UPDATE: Major legislation combatting human trafficking and strengthening protections for victims of rape and domestic violence are among 203 new laws that became effective late last week.
The human trafficking laws that took effect last week on July 1st included:
Legislation sponsored by White adding those convicted of one or more predatory sex trafficking offenses to the category of sexual predators who are ineligible for early parole or release before completion of their full sentence;
Legislation sponsored by White removing the statute of limitations for any commercial sex trafficking offense committed against a child on or after July 1, 2021 to give victims which are often traumatized or suffer fear of retaliation more time to report;
Legislation sponsored by Senator Becky Massey (R-Knoxville) requiring law enforcement officers to alert the Department of Children’s Services when they take a minor into custody on charges of prostitution so the child can be placed in a safe home and receive any professional assistance they may need to recover;
Legislation sponsored by Senator Janice Bowling (R-Tullahoma) establishing certain considerations regarding the use of deadly force by victims of human trafficking, even if the victims are engaged in illegal activity or in a location they are not legally allowed to be, if they are forced into the situation as a result of their status as a human trafficking victim; and
Legislation sponsored by Senator Paul Bailey (R-Sparta) authorizing law enforcement officers or the district attorney to require the disclosure of wire and electronic communications for evidentiary purposes to crack down on human trafficking offenses organized through social media platforms.
“The legislation passed this year continues our efforts to combat this horrendous crime,” said Sen.
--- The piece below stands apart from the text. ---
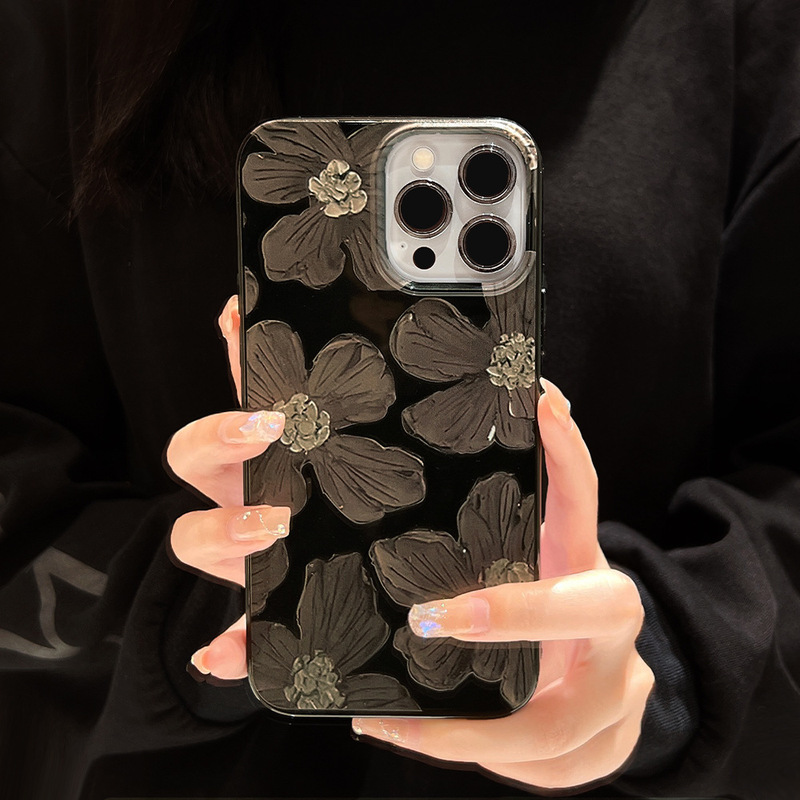Ins Oil Painting Flowers 15 Suitable for iPhone 17 Pro Max Apple 16 Phone Case 11 Painted 14 Black XS Soft Ins Oil Painting Flowers 15 Suitable for iPhone 17 Pro Max Apple 16 Phone Case 11 Painted 14 Black XS Soft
White. “We must continue to work to protect those who are at risk of exploitation and trafficking and to provide help for victims as they recover.”
In addition, the 2021-2022 budget which take effect Thursday as the new fiscal year begins provide over $5 million in funding for key groups fighting human trafficking and supporting victims. The General Assembly’s efforts in fighting human trafficking has earned Tennessee Shared Hope International’s highest rankings for holding traffickers accountable and protecting survivors.
Among key laws to protect rape and domestic violence victims is a new Truth in Sentencing law which requires those convicted of rape, sexual battery, and felony domestic assault to serve the full sentences imposed by a judge or jury. The bill was sponsored by Lt. Governor Randy McNally and Senate Judiciary Committee Chairman Mike Bell (R-Riceville).
The Jim Coley Protection for Rape Survivors Act of 2021, a victim-centered bill that provides more transparency regarding the rape kit backlog process, also takes effect on Thursday. The new law, sponsored by Bell, makes sure the handling procedure of rape kits is responsive, reliable and consistent.
In addition, the new law requires the TBI to develop and implement an electronic system that tracks the location and status of each rape kit and gives victims access to the system through a tracking number. Victims must also be notified 60 days before destruction or disposal of the evidence.
Finally, victims subjected to stalking and domestic violence will be aided by major legislation set to take effect on July 1. The new law, sponsored by Bell, allows a victim of a felony offense of assault, criminal homicide, attempted homicide, kidnapping, or sexual offenses to file a petition for a lifetime order of protection against their convicted offender. It also permits service of ex parte orders of protection for up to one year from issuance.